Die damit geweckten Assoziationen zum Gleichheitsversprechen einer umfassenden Staatsbürgerschaft können allerdings nicht darüber hinwegtäuschen, dass die „europäische Sozialbürgerschaft“ eine offene Flanke hat: Es fehlt die Verknüpfung von Rechtsgewährung und Finanzierungsverantwortung im Mehrebenensystem. Daher muss nach der Rechtsprechung des Gerichtshofes die unionsrechtlich vermittelte „finanzielle Solidarität“ bei der Sicherung der Existenz mangels eines Finanzausgleiches auch nicht „übermäßig“ gewährt werden. Das sozialrechtliche Teilhaberecht wird mit seiner dienenden Funktion für die Wahrnehmung der Freizügigkeit begründet. Der EuGH hat in der Rechtssache „Trojani“ eine solche zeitliche Grenze eingezogen: Sind die ursprünglich einmal gegebenen Voraussetzungen für das Aufenthaltsrecht entfallen, so besteht der Sozialleistungsanspruch fort bis zum formell wirksamen Entzug des Aufenthaltsrechts, wobei die „Ausweisung“ oder ähnliches nicht automatische Folge der Bedürftigkeit sein darf, nämlich solange die Leistungen des Aufnahmemitgliedstaats nicht unangemessen in Anspruch genommen werden. Die „Stellschrauben“ für das gebotene Maß an Solidarität sind damit bei der Ausgestaltung des Aufenthaltsrechts zu justieren, nicht aber im Sozialrecht.

Literatur

Bundesagentur für Arbeit, „Geschäftsanweisung SGB II Nr. 8“ vom 23.2.2012; „Fachliche Hinweise“ zu § 7 SGB II vom 21.5.2012

Frings, Dorothee, Grundsicherungsleistungen für Unionsbürger unter dem Einfluss der VO (EG) Nr. 883/2004, in: Zeitschrift für Ausländerrecht und Ausländerpolitik (ZAR) 2012, S. 317 ff.

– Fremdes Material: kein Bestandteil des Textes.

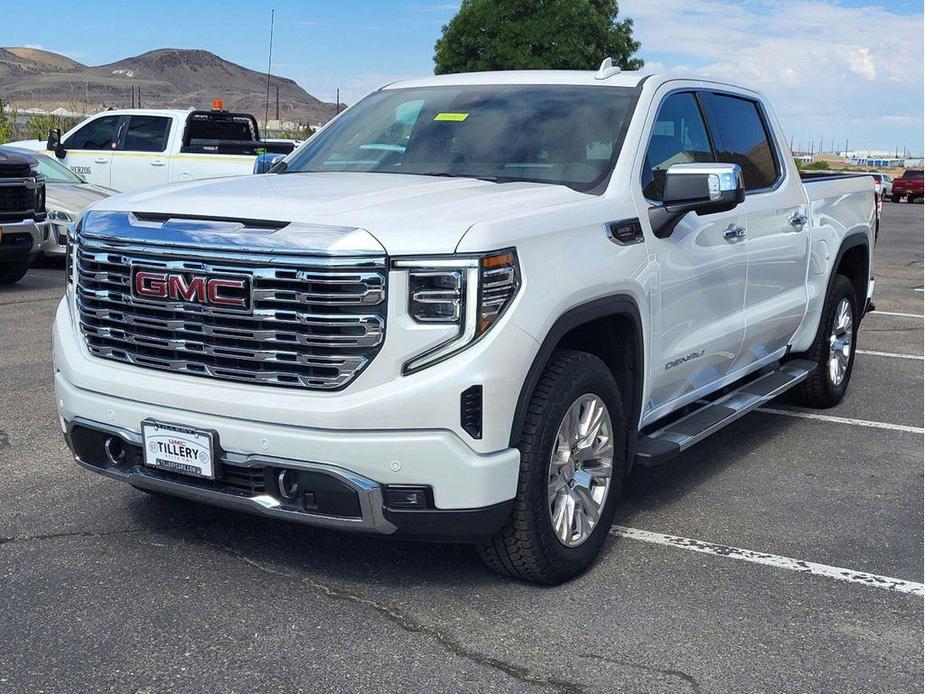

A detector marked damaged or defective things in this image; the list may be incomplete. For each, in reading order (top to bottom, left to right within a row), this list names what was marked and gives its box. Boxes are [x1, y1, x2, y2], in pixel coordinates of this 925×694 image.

cracked pavement [0, 204, 920, 692]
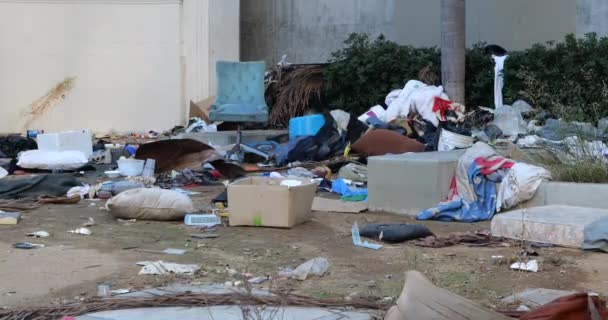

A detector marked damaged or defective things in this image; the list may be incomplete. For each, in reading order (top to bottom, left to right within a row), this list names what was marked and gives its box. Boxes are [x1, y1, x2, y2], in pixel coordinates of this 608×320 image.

broken furniture [207, 60, 268, 162]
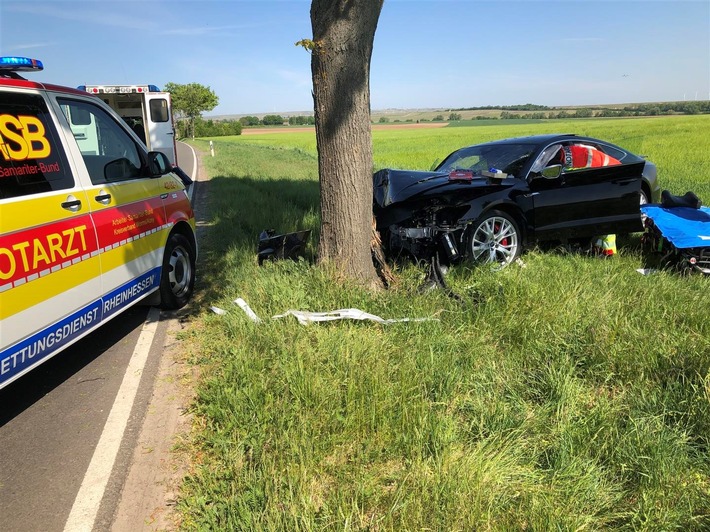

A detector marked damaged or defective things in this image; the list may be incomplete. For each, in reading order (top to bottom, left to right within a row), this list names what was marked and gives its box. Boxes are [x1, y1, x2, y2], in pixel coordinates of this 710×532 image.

crumpled car hood [376, 167, 516, 209]
black crashed car [372, 133, 660, 266]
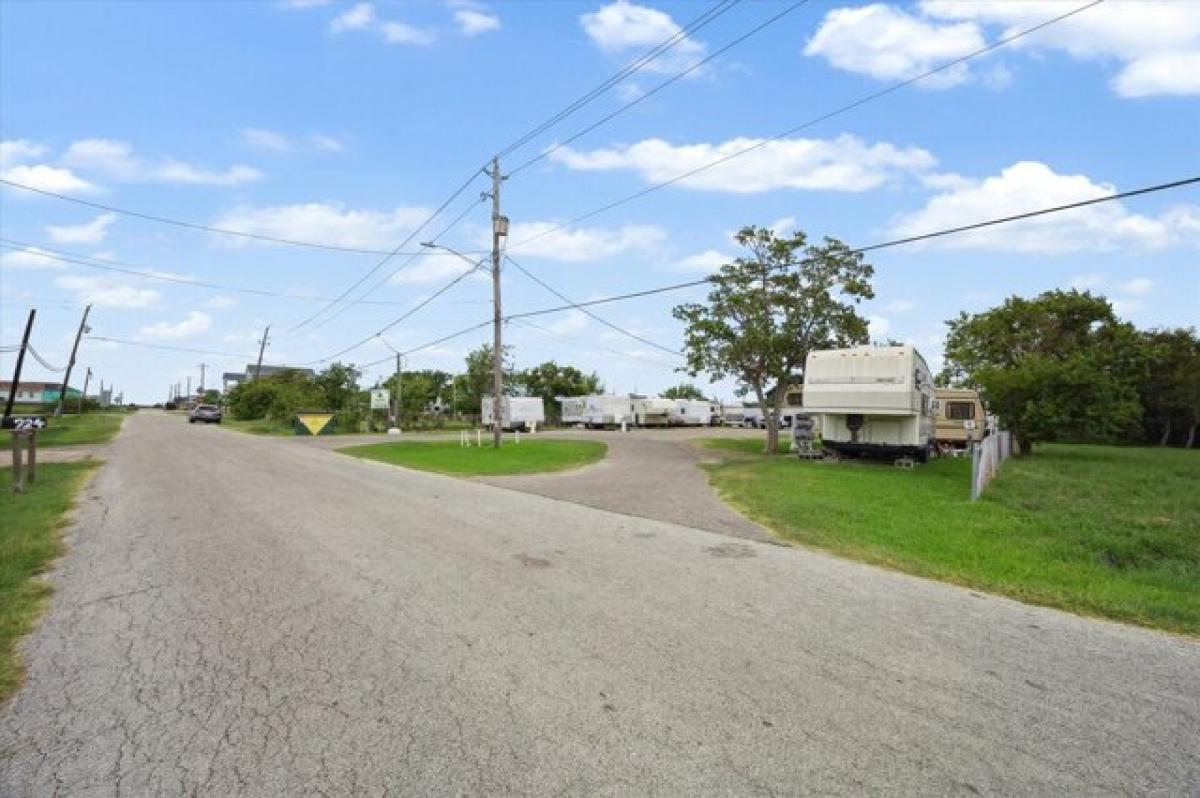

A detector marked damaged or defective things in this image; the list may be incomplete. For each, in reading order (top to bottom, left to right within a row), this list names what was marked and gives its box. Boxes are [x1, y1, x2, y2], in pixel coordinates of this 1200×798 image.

cracked asphalt road [2, 416, 1200, 796]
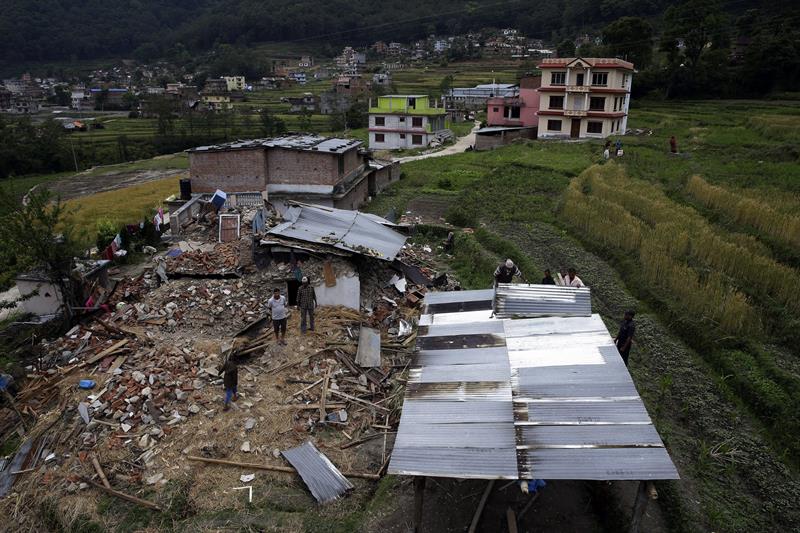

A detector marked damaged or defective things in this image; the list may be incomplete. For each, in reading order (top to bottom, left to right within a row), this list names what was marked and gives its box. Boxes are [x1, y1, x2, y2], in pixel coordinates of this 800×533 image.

damaged brick building [188, 134, 400, 211]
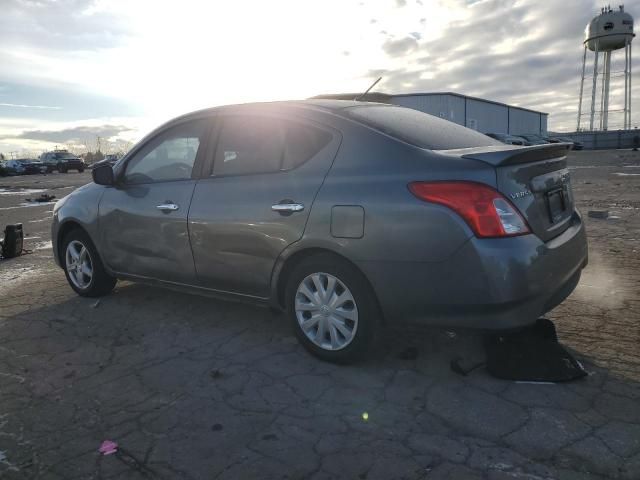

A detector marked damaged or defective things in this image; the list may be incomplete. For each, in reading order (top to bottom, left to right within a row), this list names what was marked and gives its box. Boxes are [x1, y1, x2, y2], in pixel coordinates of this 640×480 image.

cracked asphalt [0, 149, 636, 476]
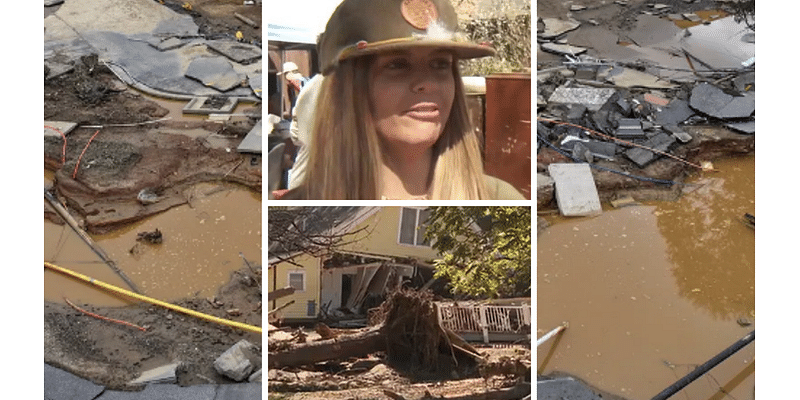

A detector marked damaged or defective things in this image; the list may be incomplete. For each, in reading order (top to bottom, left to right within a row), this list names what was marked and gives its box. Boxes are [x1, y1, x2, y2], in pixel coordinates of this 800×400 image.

Schreiber, Frank, Steht arbeitsuchenden EU-Ausländern Arbeitslosengeld II zu?, in: Soziale Sicherheit 2012, S. 392 ff.

Steffen, Eva/Keßler, Stefan, Pacta sunt servanda – Ist der deutsche Vorbehalt zum Europäischen Fürsorgeabkommen wirksam?, in: ZAR 2012, S. 245 ff.

Zitierte EuGH-Rechtsprechung: Rs. C-184/99, Slg. 2001, I-6193 – Grzelczyk; Rs. C-456/02, Slg. 2004, I-7573 – Trojani; Rs. C-138/02, Slg. 2004, I-2703 – Collins; Rs. C-22/08 und 23/08, info also 2009, 216 – Vatsouras/Koupatantze.